Dans Alternatives économiques, Denis Clerc analyse l’expérience finlandaise qui sera mise en place en 2017 : un montant de 800 euros mensuels impliquerait de « renoncer à la totalité de la protection sociale finlandaise (et donc de recourir à des systèmes d’assurance privées pour ceux qui en auraient les moyens) - et de dire adieu à l’espoir de retraites liées aux cotisations déjà versées » : « C’est là le dilemme du revenu de base : élevé, il n’est pas finançable ; faible, il risque d’appauvrir la partie de la population la moins bien lotie, privée de prestations les plus redistributives (comme l’allocation logement ou le RSA) (…) C’est le paradoxe de cette idée : elle est séduisante car qui ne se réjouirait de percevoir chaque mois une somme permettant de vivre, du moins de choisir ? Mais beaucoup, persuadés que ce revenu s’ajoutera à ceux qu’ils perçoivent, ne voient pas qu’il viendra en partie ou en totalité s’y substituer. (…) Une seule chose est certaine : avec le revenu de base, la protection sociale, qui repose sur le principe « à chacun selon ses besoins », cèdera la place à un système où tout le monde devra se débrouiller avec la même somme. Et c’est sans doute pourquoi l’expérimentation est lancée par un gouvernement libéral. ».
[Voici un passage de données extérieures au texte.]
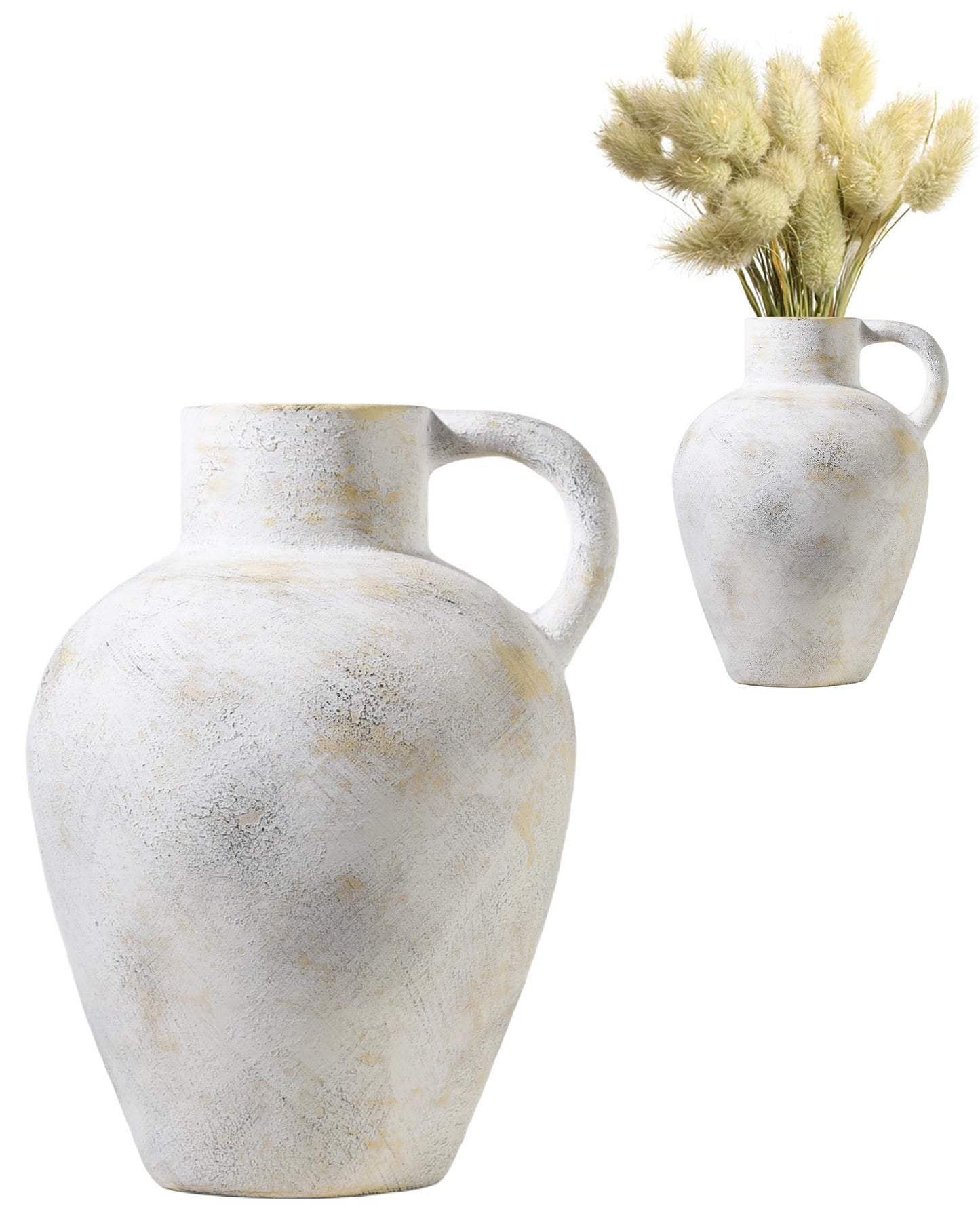 Large Beige Mediterranean Boho Vase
D’ores et déjà, des experts comme le juriste Alain Suppiot, professeur au Collège de France, invitent à prendre acte d’une fin probable du salariat induite par la numérisation de nos vies : « Le travail ne peut ni ne doit être réduit à la forme historique particulière qu’il a prise dans les sociétés industrielles depuis le XIXe siècle, c’est-à-dire l’emploi salarié à plein temps. La forme salariée n’est qu’un moment de la longue histoire du travail. ».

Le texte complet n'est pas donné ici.